First of all: if we restrict attention to cases where either $A$ or $B$ is commutative, then every positive linear map $A\to B$ is automaticaly completely positive: see Lemma 5.1.4 and Theorem 5.1.5 in the book of Effros--Ruan, for instance. To keep things simple I will take both $A$ and $B$ to be commutative ${\rm C^*}$-algebras; I'm sure one can create more fancy examples by modifying the constructions below.

Q1: "Are injective norm-one cp maps isometric?"

Counterexample: take $A=B = \ell_\infty^2$ (viewed as $C(\{0,1\})$) and take the linear map $T:A\to B$ defined by $T(x,y) = (x, y/3)$.

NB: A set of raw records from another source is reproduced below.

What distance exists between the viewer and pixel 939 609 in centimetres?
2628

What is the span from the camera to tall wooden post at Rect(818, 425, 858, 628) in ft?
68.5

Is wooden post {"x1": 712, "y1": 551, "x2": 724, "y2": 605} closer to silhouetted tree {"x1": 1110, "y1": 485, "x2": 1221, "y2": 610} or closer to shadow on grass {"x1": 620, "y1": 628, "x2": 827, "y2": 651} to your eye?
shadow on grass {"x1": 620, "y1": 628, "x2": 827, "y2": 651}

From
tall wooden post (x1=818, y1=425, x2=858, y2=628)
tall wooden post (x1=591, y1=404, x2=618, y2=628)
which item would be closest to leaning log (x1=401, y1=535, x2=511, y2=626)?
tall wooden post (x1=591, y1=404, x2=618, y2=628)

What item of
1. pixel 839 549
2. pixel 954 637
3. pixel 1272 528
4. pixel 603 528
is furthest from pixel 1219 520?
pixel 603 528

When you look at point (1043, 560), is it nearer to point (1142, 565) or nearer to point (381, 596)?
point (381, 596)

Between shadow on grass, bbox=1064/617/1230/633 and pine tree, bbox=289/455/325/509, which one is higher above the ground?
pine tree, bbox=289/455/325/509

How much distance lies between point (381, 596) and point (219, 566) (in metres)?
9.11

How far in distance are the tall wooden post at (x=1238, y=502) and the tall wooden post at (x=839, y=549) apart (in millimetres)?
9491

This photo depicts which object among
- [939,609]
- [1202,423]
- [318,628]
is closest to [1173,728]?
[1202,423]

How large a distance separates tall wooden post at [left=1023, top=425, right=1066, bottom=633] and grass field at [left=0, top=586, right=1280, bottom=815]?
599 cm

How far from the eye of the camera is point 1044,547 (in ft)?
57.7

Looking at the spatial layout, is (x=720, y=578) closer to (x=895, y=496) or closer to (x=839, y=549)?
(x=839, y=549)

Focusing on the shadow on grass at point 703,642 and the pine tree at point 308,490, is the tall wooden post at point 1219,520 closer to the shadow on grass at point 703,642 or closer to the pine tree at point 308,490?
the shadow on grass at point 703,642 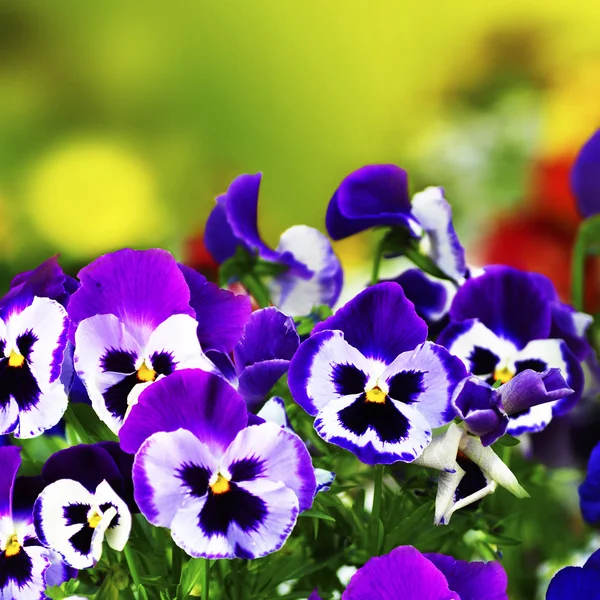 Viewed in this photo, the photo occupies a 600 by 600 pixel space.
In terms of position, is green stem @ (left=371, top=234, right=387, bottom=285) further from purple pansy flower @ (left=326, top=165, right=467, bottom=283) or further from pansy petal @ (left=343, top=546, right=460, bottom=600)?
pansy petal @ (left=343, top=546, right=460, bottom=600)

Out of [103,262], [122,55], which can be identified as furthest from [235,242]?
[122,55]

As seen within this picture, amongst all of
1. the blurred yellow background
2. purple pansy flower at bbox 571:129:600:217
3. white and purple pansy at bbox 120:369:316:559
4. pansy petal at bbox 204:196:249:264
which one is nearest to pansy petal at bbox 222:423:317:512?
white and purple pansy at bbox 120:369:316:559

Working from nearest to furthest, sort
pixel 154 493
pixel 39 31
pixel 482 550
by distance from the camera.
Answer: pixel 154 493, pixel 482 550, pixel 39 31

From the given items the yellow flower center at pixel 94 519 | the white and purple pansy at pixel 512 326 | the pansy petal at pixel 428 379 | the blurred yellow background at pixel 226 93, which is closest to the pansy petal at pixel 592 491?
the white and purple pansy at pixel 512 326

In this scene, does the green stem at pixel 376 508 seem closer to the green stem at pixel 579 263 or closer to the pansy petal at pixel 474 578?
the pansy petal at pixel 474 578

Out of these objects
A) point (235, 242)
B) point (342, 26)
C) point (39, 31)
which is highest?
point (235, 242)

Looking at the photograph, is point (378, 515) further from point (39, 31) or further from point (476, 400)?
point (39, 31)

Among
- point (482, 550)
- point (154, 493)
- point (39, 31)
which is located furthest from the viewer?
point (39, 31) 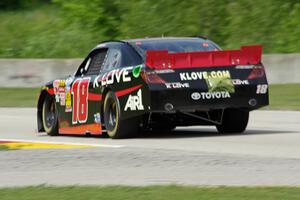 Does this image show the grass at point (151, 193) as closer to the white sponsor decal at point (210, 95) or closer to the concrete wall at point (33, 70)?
the white sponsor decal at point (210, 95)

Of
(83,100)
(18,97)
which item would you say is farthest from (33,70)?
(83,100)

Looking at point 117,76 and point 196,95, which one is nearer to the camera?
point 196,95

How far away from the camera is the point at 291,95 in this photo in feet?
75.1

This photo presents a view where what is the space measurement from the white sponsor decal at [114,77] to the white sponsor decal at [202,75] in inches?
31.6

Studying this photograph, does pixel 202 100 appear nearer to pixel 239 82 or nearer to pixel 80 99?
pixel 239 82

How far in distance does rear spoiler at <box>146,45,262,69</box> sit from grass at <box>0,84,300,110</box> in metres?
6.15

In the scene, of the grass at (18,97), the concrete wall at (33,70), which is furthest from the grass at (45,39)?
the grass at (18,97)

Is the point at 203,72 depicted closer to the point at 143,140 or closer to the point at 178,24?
the point at 143,140

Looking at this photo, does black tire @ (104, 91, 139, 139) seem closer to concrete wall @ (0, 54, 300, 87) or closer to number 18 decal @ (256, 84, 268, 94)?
number 18 decal @ (256, 84, 268, 94)

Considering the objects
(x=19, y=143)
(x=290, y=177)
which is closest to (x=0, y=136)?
(x=19, y=143)

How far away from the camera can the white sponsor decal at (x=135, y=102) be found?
13.4 meters

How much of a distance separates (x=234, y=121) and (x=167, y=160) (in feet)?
11.9

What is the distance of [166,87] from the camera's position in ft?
43.7

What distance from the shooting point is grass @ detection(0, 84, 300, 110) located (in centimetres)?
2095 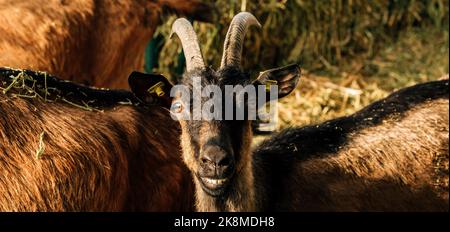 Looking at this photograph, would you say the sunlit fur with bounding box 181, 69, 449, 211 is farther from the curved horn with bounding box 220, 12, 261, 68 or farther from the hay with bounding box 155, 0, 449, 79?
the hay with bounding box 155, 0, 449, 79

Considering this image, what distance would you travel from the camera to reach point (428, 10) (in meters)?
11.7

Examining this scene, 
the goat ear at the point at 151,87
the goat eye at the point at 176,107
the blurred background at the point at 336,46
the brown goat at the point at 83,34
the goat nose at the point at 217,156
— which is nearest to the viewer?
the goat nose at the point at 217,156

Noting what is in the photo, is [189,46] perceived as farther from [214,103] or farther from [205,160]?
[205,160]

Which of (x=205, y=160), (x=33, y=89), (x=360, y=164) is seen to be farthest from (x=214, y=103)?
(x=360, y=164)

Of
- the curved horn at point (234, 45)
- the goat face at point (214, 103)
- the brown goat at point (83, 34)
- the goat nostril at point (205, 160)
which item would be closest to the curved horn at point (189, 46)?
the goat face at point (214, 103)

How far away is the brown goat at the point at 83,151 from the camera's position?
4.48 metres

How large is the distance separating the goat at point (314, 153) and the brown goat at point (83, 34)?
5.69 ft

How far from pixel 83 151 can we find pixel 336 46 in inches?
281

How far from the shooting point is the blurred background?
10.0 meters

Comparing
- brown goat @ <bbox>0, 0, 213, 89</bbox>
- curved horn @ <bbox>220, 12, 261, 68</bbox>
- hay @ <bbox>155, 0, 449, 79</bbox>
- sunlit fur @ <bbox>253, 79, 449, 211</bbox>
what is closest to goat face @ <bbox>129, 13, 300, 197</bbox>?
curved horn @ <bbox>220, 12, 261, 68</bbox>

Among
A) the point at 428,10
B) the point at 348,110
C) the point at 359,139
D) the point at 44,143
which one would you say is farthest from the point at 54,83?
the point at 428,10

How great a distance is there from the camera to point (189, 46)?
4738 millimetres

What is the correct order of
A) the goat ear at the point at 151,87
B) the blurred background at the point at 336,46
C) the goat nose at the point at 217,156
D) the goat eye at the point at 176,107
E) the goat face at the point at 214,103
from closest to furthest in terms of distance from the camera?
the goat nose at the point at 217,156
the goat face at the point at 214,103
the goat eye at the point at 176,107
the goat ear at the point at 151,87
the blurred background at the point at 336,46

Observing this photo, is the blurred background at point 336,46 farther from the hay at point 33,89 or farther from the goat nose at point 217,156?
the goat nose at point 217,156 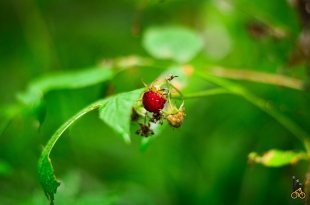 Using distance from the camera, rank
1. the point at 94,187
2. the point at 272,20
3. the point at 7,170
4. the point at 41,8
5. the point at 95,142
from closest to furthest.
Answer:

Q2: "Do ucp maps have closed range?"

This counterexample requires a bit more work than I originally thought, so it seems to deserve writing down as an answer rather than merely a comment. We work with $A=B=C[0,1]$ and consider positive, unit-preserving operators $T:C[0,1]\to C[0,1]$ of the form $$ (Tf)(x) = \int_0^1 K(x,t) f(t)\,dt $$ for a suitably chosen positive kernel function $K$. The condition $T1 = 1$ translates into requiring $\int_0^1 K(x,t)\,dt=1$ for all $x$, so that each "row" of $K$ should have total mass 1, and then on the analysts' general principle that "to make things go wrong, get things to pile up more and more" it is natural to try an Ansatz like $$ K(x,t) = \begin{cases} x^{-1} & \hbox{ if $0\leq t\leq x$} \\ 0 & \hbox{if $x< t \leq 1$} \end{cases} $$ With this choice, our operator $T$ becomes $$ (Tf)(x) = \frac{1}{x} \int_0^x f(t)\,dt $$ (sometimes known as the Hardy operator, if I recall correctly) and then we can see directly that $T$ is positive and unit-preserving.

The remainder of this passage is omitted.